(Short descriptive text snippets)
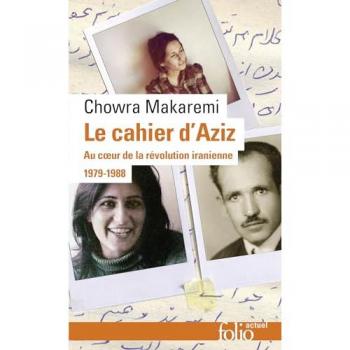 Le cahier d'Aziz: Au coeur de la révolution iranienne 1979-1988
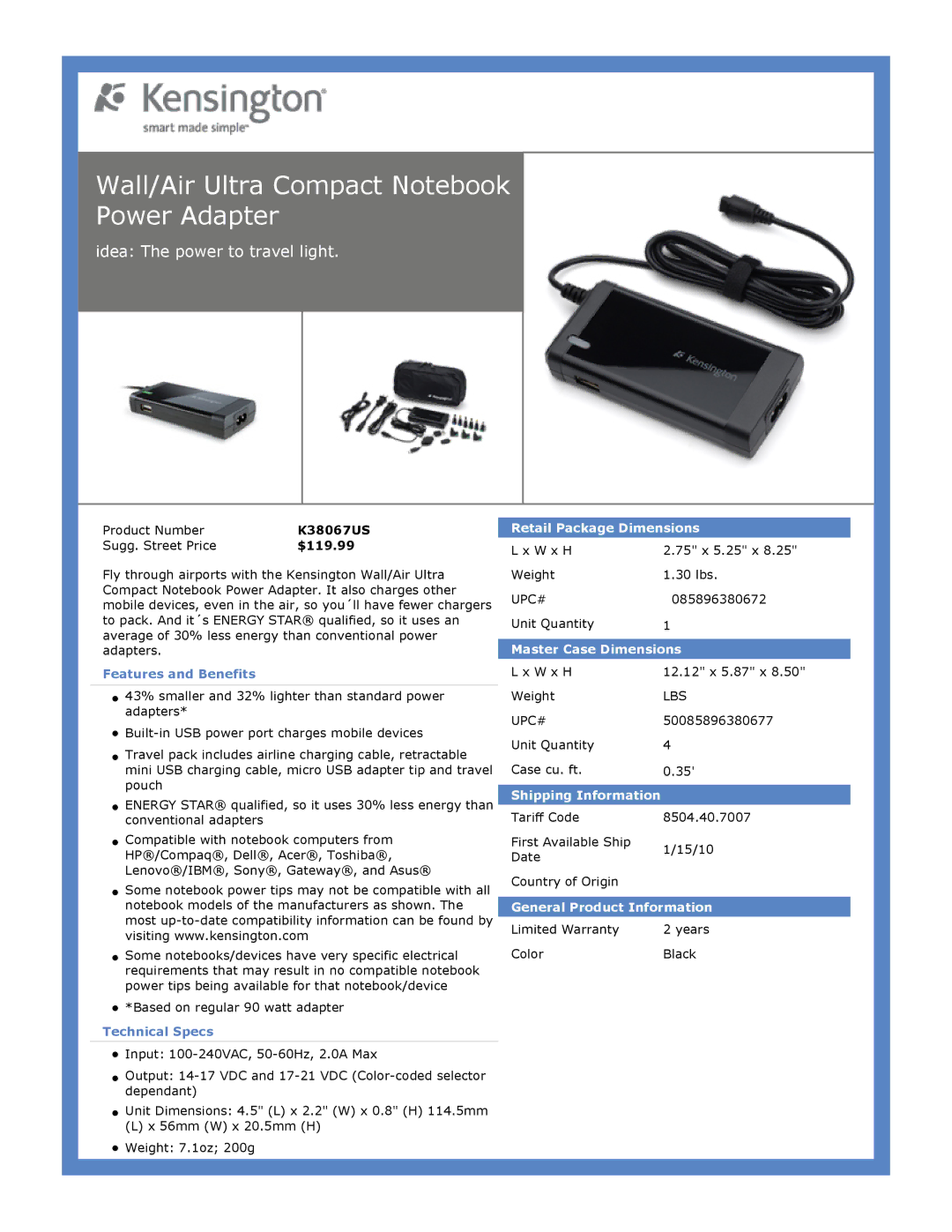 Kensington EU64325 dimensions Wall/Air Ultra Compact Notebook Power Adapter, Idea The power to travel light, $119.99 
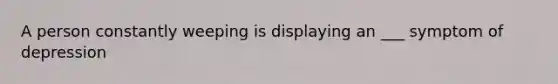 A person constantly weeping is displaying an ___ symptom of depression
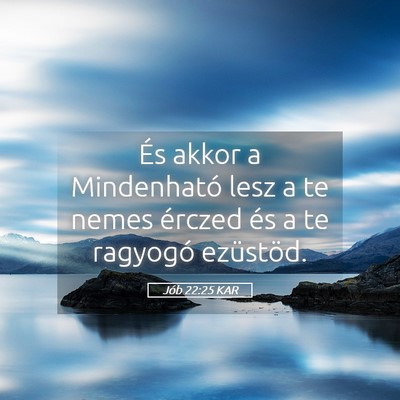 Picture 05 - Jób 22:25 KAR - És akkor a Mindenható lesz a te nemes érczed - Bible Verse Picture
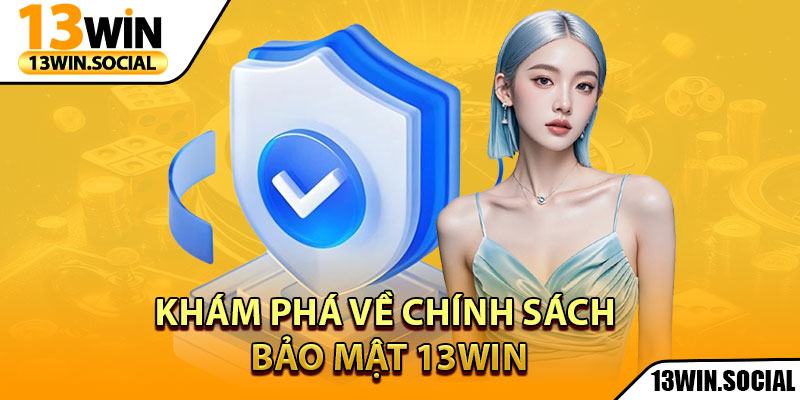 Chính Sách Bảo Mật 13Win – Cam Kết Uy Tín Tuyệt Đối 1 Khám phá về chính sách bảo mật 13Win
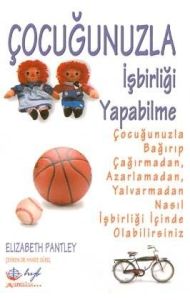 Çocuğunuzla İşbirliği Yapabilme                                                                                                                                                                                                                                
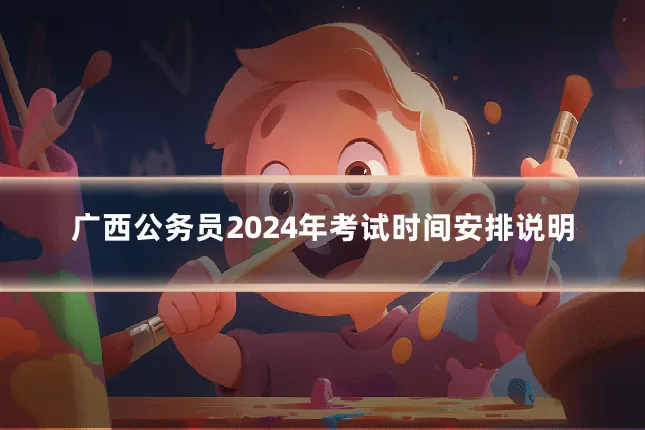广西公务员2024年考试时间安排说明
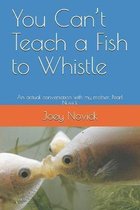 You Can't Teach a Fish to Whistle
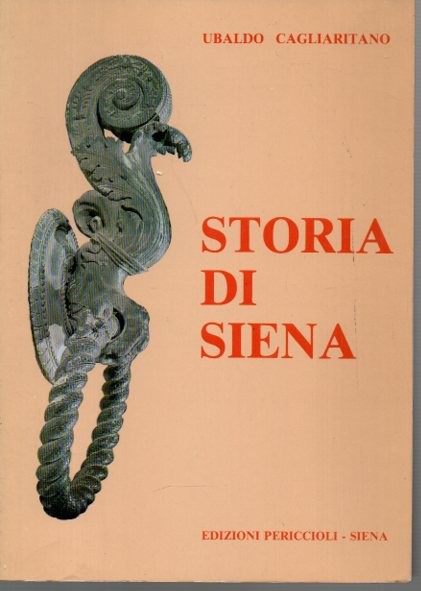 STORIA DI SIENA. COMPENDIO DI STORIA POLITICA, LETTERARIA ED ARTISTICA DALLE ORIGINI ALLA LIBERAZIONE (1944).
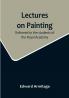 Lectures on Painting: Delivered to the students of the Royal Acadamy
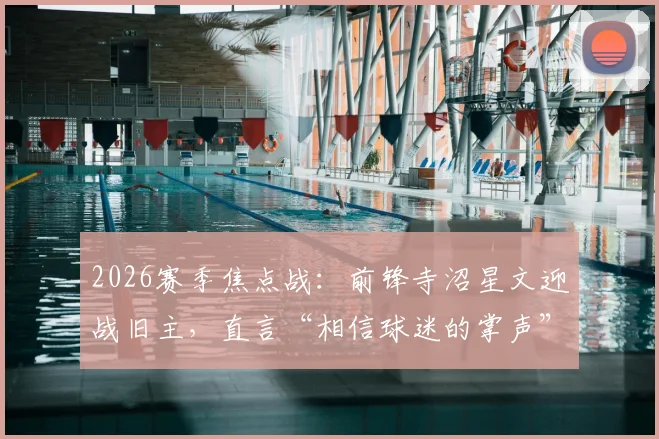 2026赛季焦点战：前锋寺沼星文迎战旧主，直言“相信球迷的掌声”，揭秘J联赛球星转会后的心态与球迷文化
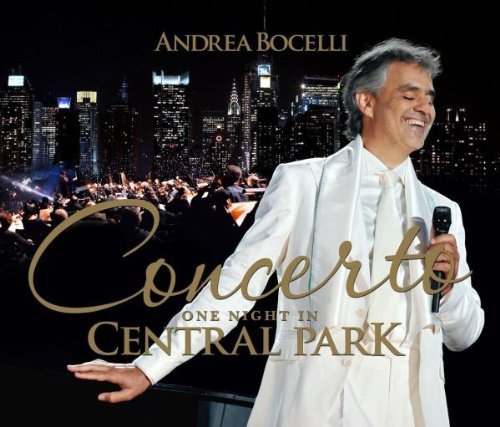 Bocelli , Andrea - Concerto:One Night in Central Park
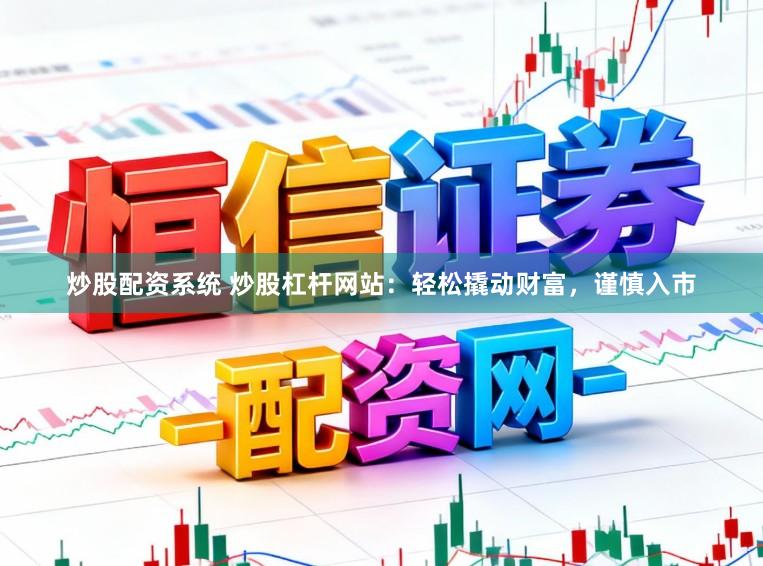 炒股配资系统 炒股杠杆网站：轻松撬动财富，谨慎入市
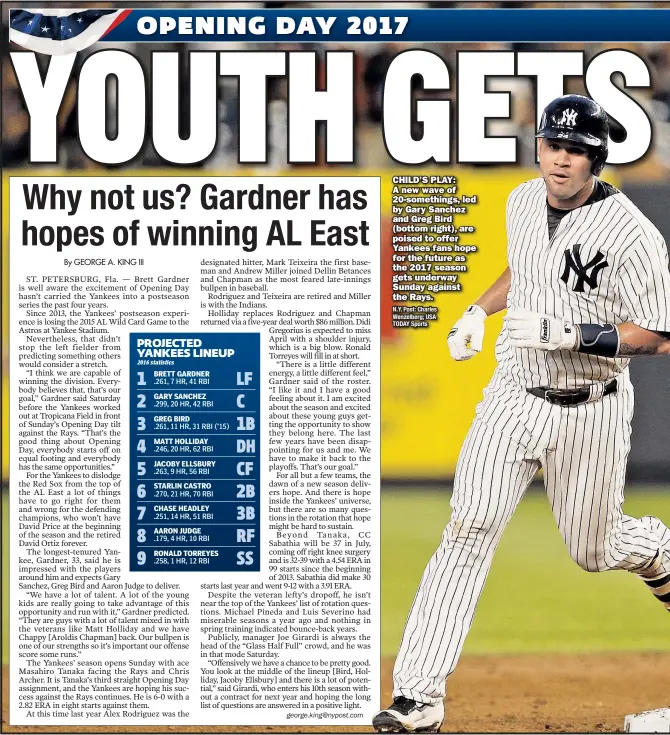  ?? N.Y. Post: Charles Wenzelberg; USA TODAY Sports ?? CHILD’S PLAY: A new wave of 20-somethings, led by Gary Sanchez and Greg Bird (bottom right), are poised to offer Yankees fans hope for the future as the 2017 season gets underway Sunday against the Rays.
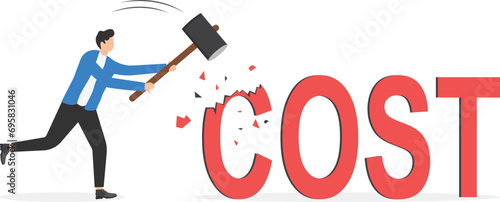 Businessman hammering text cost symbol illustration. Cost reduction concept vector illustration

» **What is required**: Skip the pictures and quote each line of the entries above, from the first through the line with "炒股配资系统 炒股杠杆网站：轻松撬动财富，谨慎入市", exactly as it appears.

» **Answer area**:
 Le cahier d'Aziz: Au coeur de la révolution iranienne 1979-1988
 Kensington EU64325 dimensions Wall/Air Ultra Compact Notebook Power Adapter, Idea The power to travel light, $119.99 
 A person constantly weeping is displaying an ___ symptom of depression
 Picture 05 - Jób 22:25 KAR - És akkor a Mindenható lesz a te nemes érczed - Bible Verse Picture
 Chính Sách Bảo Mật 13Win – Cam Kết Uy Tín Tuyệt Đối 1 Khám phá về chính sách bảo mật 13Win
 Çocuğunuzla İşbirliği Yapabilme                                                                                                                                                                                                                                
广西公务员2024年考试时间安排说明
 You Can't Teach a Fish to Whistle
 STORIA DI SIENA. COMPENDIO DI STORIA POLITICA, LETTERARIA ED ARTISTICA DALLE ORIGINI ALLA LIBERAZIONE (1944).
 Lectures on Painting: Delivered to the students of the Royal Acadamy
 2026赛季焦点战：前锋寺沼星文迎战旧主，直言“相信球迷的掌声”，揭秘J联赛球星转会后的心态与球迷文化
 Bocelli , Andrea - Concerto:One Night in Central Park
 炒股配资系统 炒股杠杆网站：轻松撬动财富，谨慎入市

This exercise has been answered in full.